SRO isn't, in this case, an abbreviation for Standing Room Only, it instead refers to School Resource Officers. That's a "nice" way of referring to police officers who are assigned to schools.
We are talking about uniformed, gun-carrying police officers.
And before you shake your head in dismay, consider the fact that a number of Tennessee counties have had SROs in their schools for years. Nearby, Rutherford County is an example.
In every case I know of, these in-school police officers have proved to be a great addition to the schools' staff. In fact, they have had the side-effect of bolstering the connection between youngsters and law enforcement.

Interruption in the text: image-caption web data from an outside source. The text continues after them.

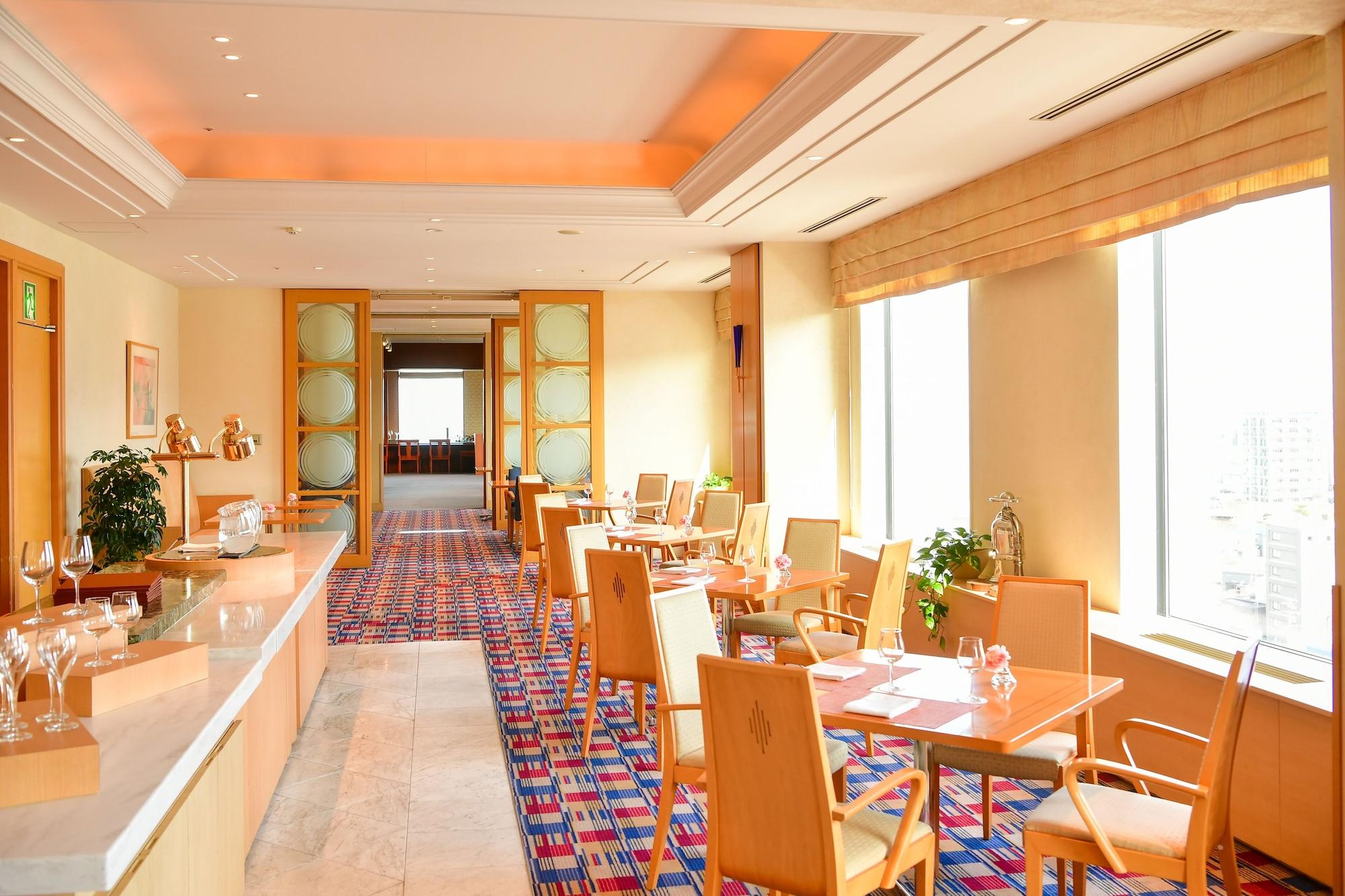 Restaurant Authent Hotel Otaru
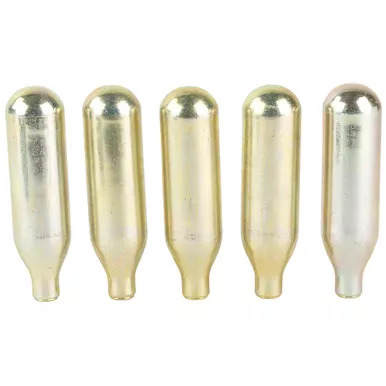 Umarex 8g Co2 Cylinder 5 Pack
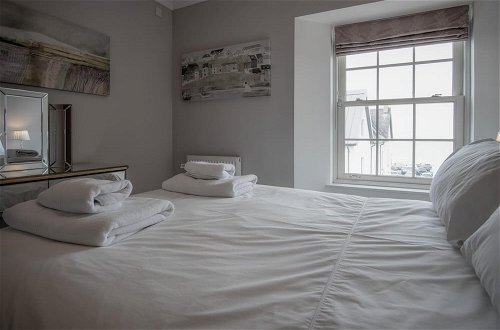 Foto 21 - Upper Deck - 2 Bedroom Apartment - Saundersfoot
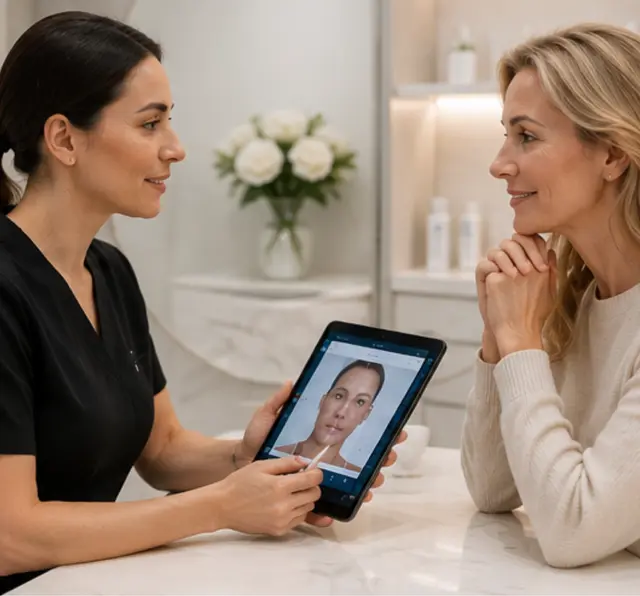 Tailored Treatments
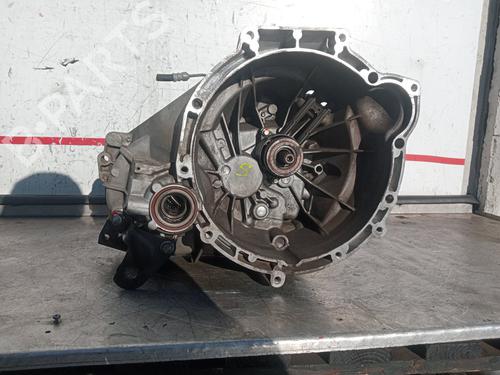 Gearbox FORD FIESTA VI (CB1, CCN) | BP30847388M3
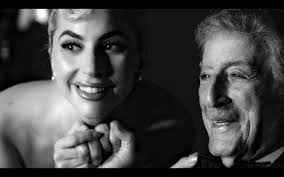 The legend that is Tony Bennett has died aged 96, a decent innings. I was  lucky enough to grade a series of videos of him and Lady Gaga performing  duets quite recently.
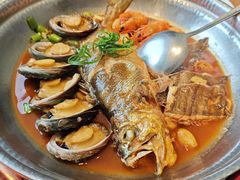 -烹贝小馆(华采天地店)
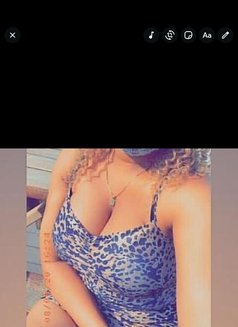 Nelly - escort in Nairobi Photo 1 of 2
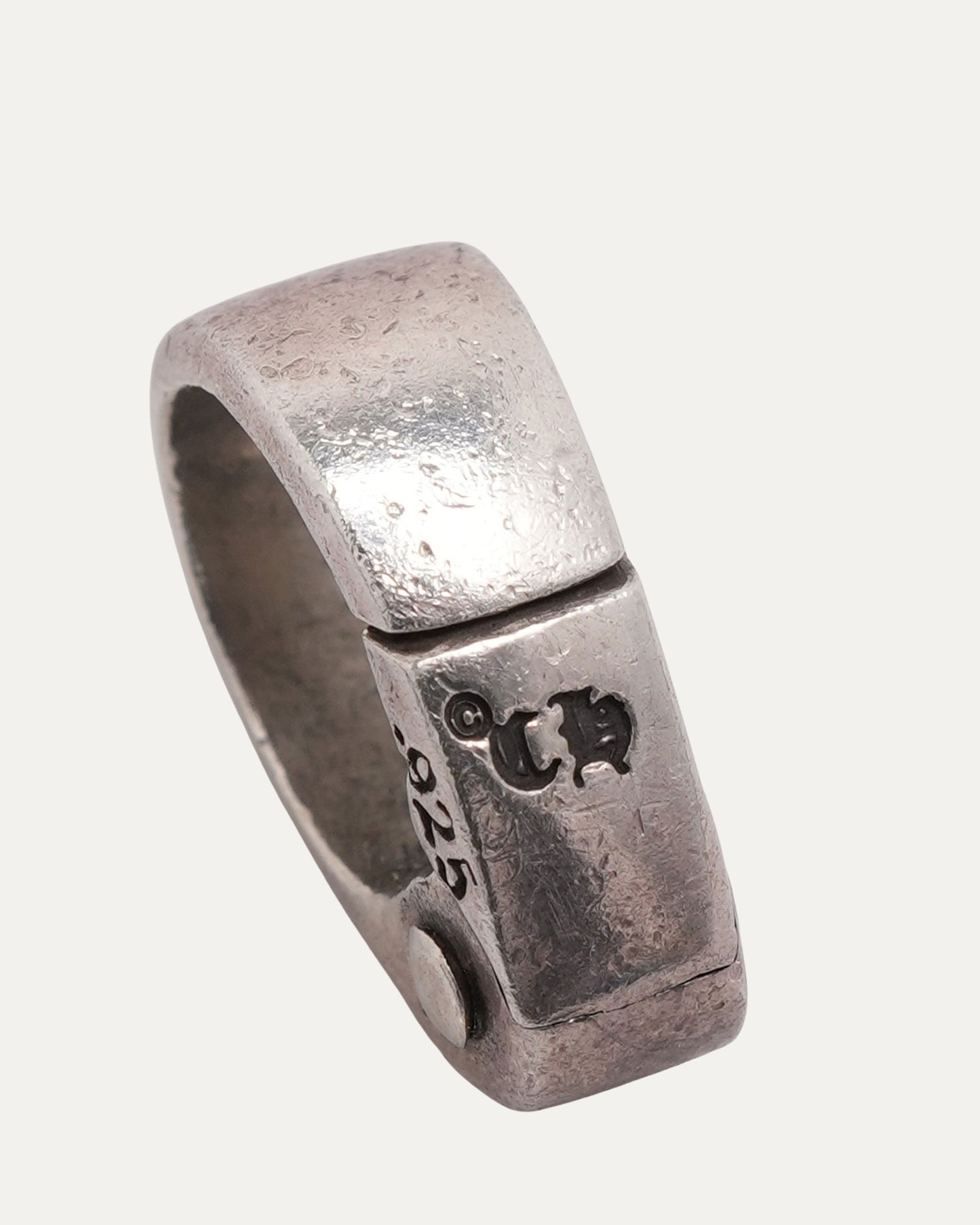 Small Lobster Clasp
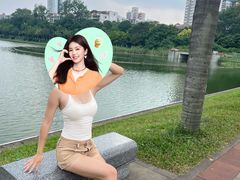 -南宁南湖公园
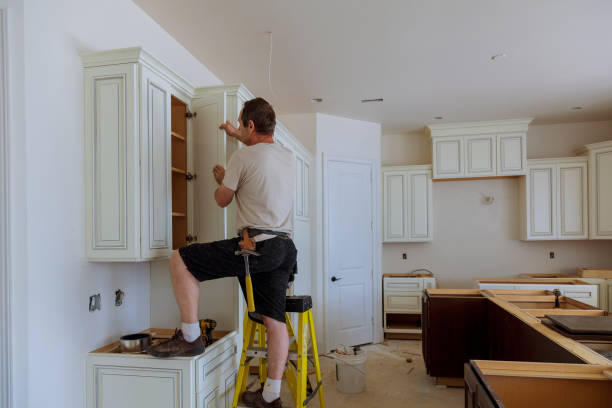 Licensed Kitchen service in Pikesville, MD - Remodeling Of Kitchen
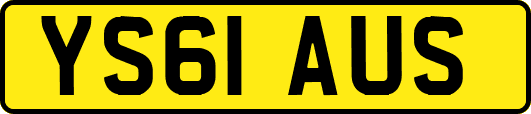 YS61AUS
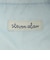 ＜Steven Alan＞ 13.5oz デニム インツープリーツ ドレス トラウザーズ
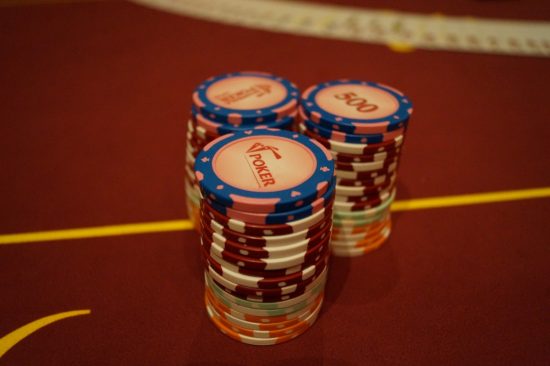 Покеристы из разных уголков России соберутся во Владивостоке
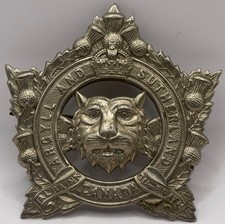 Genuine Canadian The Argyll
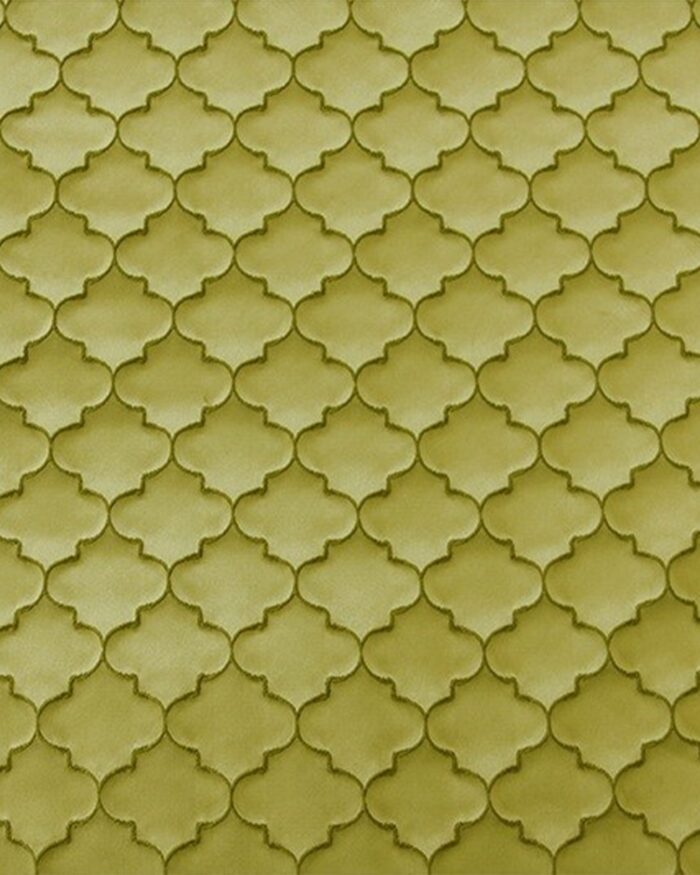 Sprint - Olive Custom Curtains - Image 3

The need for that kind of protection, even in a small town, was proven last Dec. 14 when an emotionally disturbed 20-year-old stepped inside a school in little Newtown, Conn. and shot 26 people to death. Twenty of those who died were first-grade students.
An elementary school is an easy target for a crazy, mean person or someone wanting to gain fame at the expense of others.
Now in the wake of that horrible attack, officials in Newtown have formed a committee that is taking quick action to improve security at all of its schools. It is security committee is comprised of local law enforcement, school officials, information technology and facility safety experts.
Together they are addressing both immediate and long-term goals associated with building safety, personnel training and physical security measures.
Newtown's first step was to ensure that all its schools have only one door in and one out during school hours. That single controlled point of entry has been extended to include before and after school hours.
That would be a start in Cannon County as well. Cannon County is already looking at the possibilities thanks to School Board member Bruce Daniel, County Commissioner Kevin George and Sheriff Darrell Young,
Cannon County High School already has a SRO, but it is just a 10-hour a week part-time position.
Prevention is the name of the game and while it's not cheap, it is horrible to think of the alternative.
"We need to look at this like health insurance. We can't afford health insurance but we can't afford not the have it," Daniel told the Cannon County Board of Education last Thursday.
Board member Chris Blackburn agreed with Daniel and put it this way:
"It is no secret how strapped we are for money in Cannon County. I also think it is no secret that if you ask a parent who has a child in school what that life is worth they would tell you there is no dollar value on that life."
We must agree with that statement and urge our county leaders to act upon it.